The photo booth allows customers to stand in front of a green screen and have their photo taken, which will produce a red background in the final photo. Customers enter their e-mail address and their photo will be sent to their inbox. Also, by entering their e-mail, customers can sign up for the Arby's Extra, the company's e-club that features special promotions and coupons.
The truck also has a putting game for customers, and the roof of the truck acts as a "stage" to emcee from during an event. This way, customers can participate in a dance contest or hear announcements.
Another new addition to the truck is a telescoping sign that can elevate the Arby's sign 30 feet in the air to attract people.
The new truck is already serving customers, but it isn't completely fool-proof. Gray said there are still some kinks to work out and the truck will have to be given a proper name.
Support for Big Brothers Big Sisters
The main purpose of the Arby's Mobile Kitchen is to support the Arby's Foundation's Charity Golf Tournaments, which benefit Big Brothers Big Sisters (BBBS), a national youth mentoring program.

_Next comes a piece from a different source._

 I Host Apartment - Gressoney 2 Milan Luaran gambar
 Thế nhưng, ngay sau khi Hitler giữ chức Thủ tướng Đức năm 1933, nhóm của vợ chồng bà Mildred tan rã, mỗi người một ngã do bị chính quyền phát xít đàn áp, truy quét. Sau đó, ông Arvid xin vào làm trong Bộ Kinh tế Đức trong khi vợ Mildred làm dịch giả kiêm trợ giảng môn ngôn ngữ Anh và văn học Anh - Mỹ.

"(It) made sense to benefit something that helps young people," Gray said.
BBBS recruits and trains mentors, or "bigs," for children between the ages of 6 and 18. It costs BBBS $1,000 to maintain a match between a big and "little" for one year.
Arby's and BBBS partnered in the late 1980s, and Arby's is the organization's largest national corporate sponsor. In addition to the golf tournaments, 2,500 Arby's restaurants ask customers to donate $1 to their local BBBS.
Gray said BBBS and Arby's were a great match. One of Arby's core values is to make a difference by giving back to the community. Since Arby's employs many young people, helping BBBS fits.
Arby's Mobile Kitchen goes on 17 golf tournaments a year all over the United States. While in a particular city during a tournament, the mobile kitchen will visit different locations in that community, whether it is a school or state fair. This way, Arby's is supporting that local BBBS and the community.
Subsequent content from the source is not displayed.